Ninth, in an enterprise CIRT tool it doesn’t make sense to limit the number of “seats” or concurrent users via a licensing scheme that is non-responsive to the realities of incident response. The reason that you need an enterprise level CIRT tool is because the issue that you are combating is a very BIG problem, often spread globally. While each CIRT will have standard response procedures that will dictate the number of the initial responders, often the true scope of an incident is apparent only after the team is neck deep in in the initial response investigation. Requirements to surge support into ongoing and developing responses are an everyday occurrence. It is critical then to have a CIRT tool that supports the reality of the response environment. Companies that are proactive will have a tool inside of their infrastructure pre-incident that will allow their internal staff to be augmented at a moment’s notice by surge responders or additional resources with no delay due to negotiations with software vendors for more examiner seats. That said, if the tool that you are using employs the concurrent connection methodology schema, it probably can’t handle more responders and additional investigative demands anyway. Today’s environment demands you have a tool that can.
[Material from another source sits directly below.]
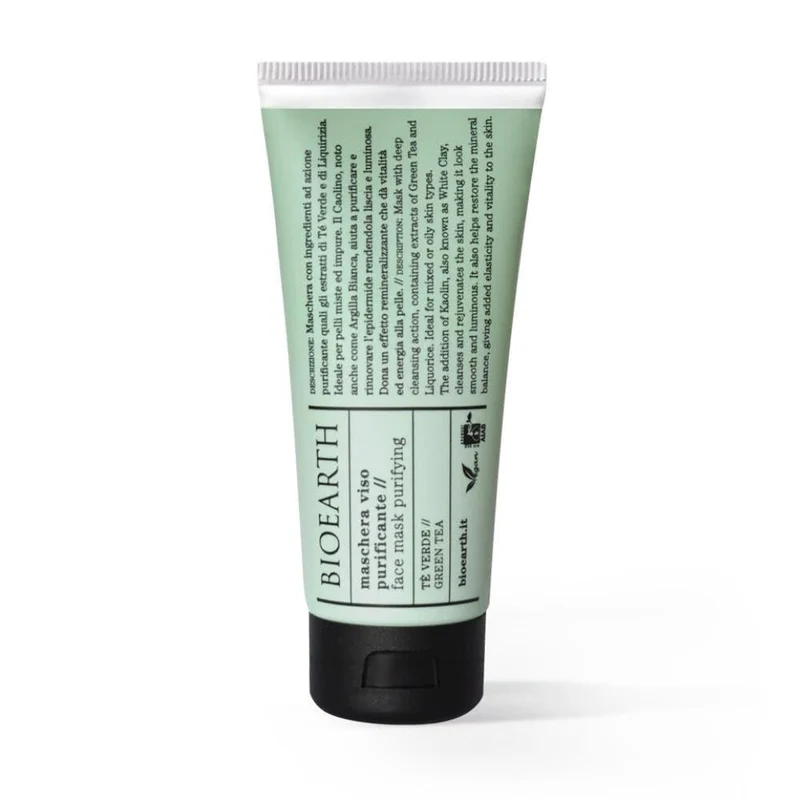 Maschera Viso Purificante Tè Verde, 100 ml - Bioearth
Tenth, it is abundantly clear that our infrastructure budget is under constant downward pressures. Your CIRT tool should be versatile enough to support other functions in the environment than just look for malware. The capabilities necessary to be a world class CIRT tool also are the capabilities that are required for other needs within a corporate structure.
In many instances, the price for a world-class CIRT tool can more than pay for itself in the savings generated by consolidating tools and functions within the organization. One of our enterprising government clients has turned the purchase of their world class CIRT tool into a revenue generation center with positive cash flows by providing a fee for service function to other departments within their agency.